Step 1 :Identify the null and alternative hypotheses. The null hypothesis is that the percentage of people who take Tamiflu for the relief of flu symptoms and experience nausea is equal to 30%. The alternative hypothesis is that the percentage is greater than 30%.
Step 2 :The type of hypothesis test to conduct is a right-tailed test because we are testing if the percentage is greater than a certain value.
Step 3 :The appropriate significance level for this test is 0.01.
Step 4 :Calculate the test statistic. The sample size (n) is 2203, the number of successes in the sample (x) is 716, and the hypothesized population proportion (p0) is 0.30. The sample proportion (p_hat) is calculated as x / n, which is approximately 0.3250. The test statistic is then calculated as (p_hat - p0) / sqrt((p0 * (1 - p0)) / n), which is approximately 2.5617.
Step 5 :Calculate the p-value. The p-value is calculated as 1 - the cumulative distribution function (CDF) of the test statistic, which is approximately 0.0052.
Step 6 :Since the p-value is less than the significance level (0.0052 < 0.01), we reject the null hypothesis. This means that we have sufficient evidence to support the claim that the percentage of people who take Tamiflu for the relief of flu symptoms and experience nausea is greater than 30%.
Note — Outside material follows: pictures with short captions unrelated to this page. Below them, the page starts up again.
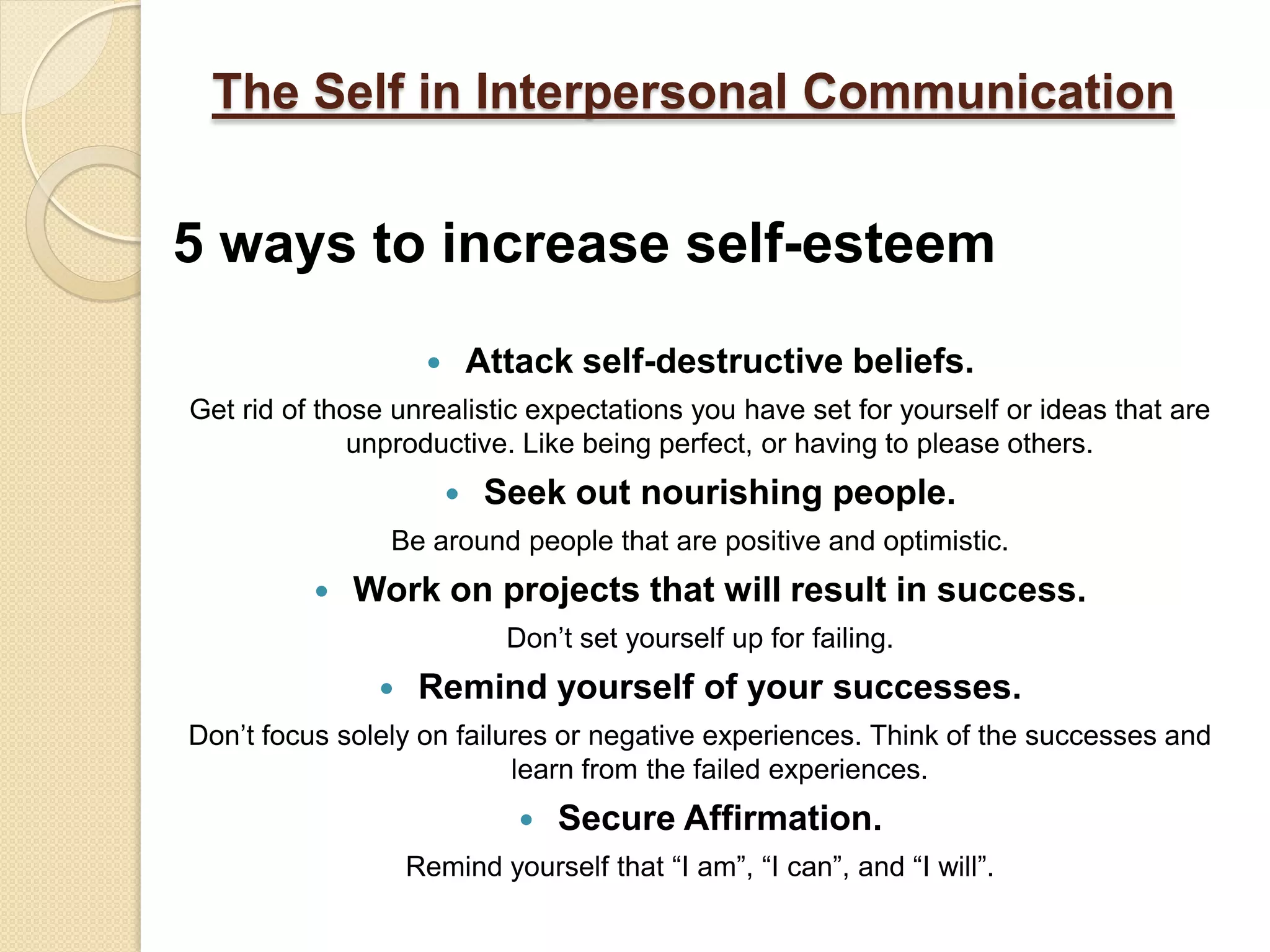 The Self in Interpersonal Communication


5 ways to increase self-esteem
                           Attack self-destructive beliefs.
Get rid of those unrealistic expectations you have set for yourself or ideas that are
              unproductive. Like being perfect, or having to please others.
                            Seek out nourishing people.
                Be around people that are positive and optimistic.
             Work on projects that will result in success.
                              Don’t set yourself up for failing.
                   Remind yourself of your successes.
Don’t focus solely on failures or negative experiences. Think of the successes and
                           learn from the failed experiences.
                                  Secure Affirmation.
                   Remind yourself that “I am”, “I can”, and “I will”.
 
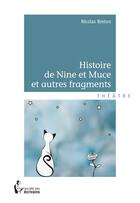 Couverture du livre « Histoire de nine et muce et autres fragments » de Nicolas Breton aux éditions Societe Des Ecrivains
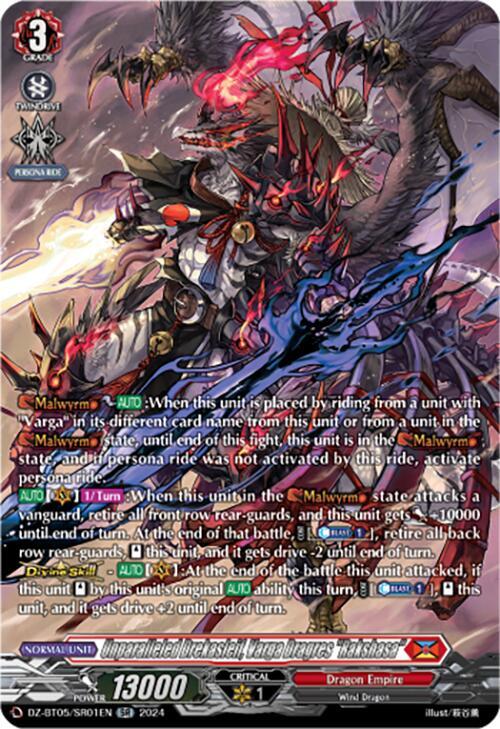 Unparalleled Drekasleif, Varga Dragres "Rakshasa" (SR), DZ-BT05: Omniscient Awakening DZ-BT05/SR01EN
Step 7 :The final answer is that the test statistic is approximately \(\boxed{2.5617}\) and the p-value is approximately \(\boxed{0.0052}\). Since the p-value is less than the significance level, we reject the null hypothesis. This means that we have sufficient evidence to support the claim that the percentage of people who take Tamiflu for the relief of flu symptoms and experience nausea is greater than 30%.